The first thing to notice with this data is that for most CPUs, when the whole CPU is using AVX-512 instructions, the frequency will drop below the base frequency. For chips like the Xeon W-2123 and W-2133, even single core loading of AVX-512 will drop the frequency below the base frequency. Intel's base frequency does two things: first, it tells you the frequency at which TDP is applicable, and second it is the guaranteed minimum frequency for regular non-AVX instructions.
Behind AVX-512 is AVX2, which is still somewhat of a strain on the processor beyond regular instructions, but not as much. Where AVX-512 requires dedicated die area for support of the vector units, AVX2 is built into the back-end of the standard core design.
For AVX2, the W-2133 and W-2123 still end up below the base frequency of the processor. But for the big ones, like the W-2195, the full 18-core loading of AVX2 is 500 MHz faster than AVX-512. This is just an indication that users that are fine-tuning code should think about how much of the AVX-512 unit they can keep fed - the AVX-512 unit despite the 500 MHz difference is expected to be faster no doubt, but a half-fed AVX-512 might get trumped by a full AVX2.

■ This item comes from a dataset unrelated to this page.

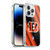 NFL Cincinnati Bengals Artwork Stripes Soft Gel Case for Apple iPhone 14 Pro & MagSafe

For the regular instructions, turbo goes a bit like this:
For a number of users, the key metrics here are the all-core turbos, with the 18-core part having an all-core turbo of 3.2 GHz. Interestingly the W-2155 and W-2145 sits well here: for any code that can't reliably go beyond 12-14 threads, having the higher frequency but lower core count part might actually perform better. We saw a bit of this in our review, with the variable threaded loads executing somewhat better on the W-2155 than the W-2195.
Then and Now: Defining a Workstation
By splitting the motherboard support for workstation grade processors, Intel has (whether on purpose or not) redefined what it means to have an Intel workstation. In previous generations, a certain market of users would happily invest into an E5-2640 style processor and place it into a single socket consumer motherboard, taking advantage of a potentially better-binned processor, and on some motherboards that qualified it, ECC memory. Depending on the location and time, in some instances this method was cheaper than going for the similar grade consumer processor. Due to the motherboard support, these systems were certainly more widespread compared to today. In fact, some users are currently looking to eBay and investing in older 8-core and 10-core processors because they are extremely affordable.
In 2018, for the Intel workstation enthusiast, the situation is complicated and confusing.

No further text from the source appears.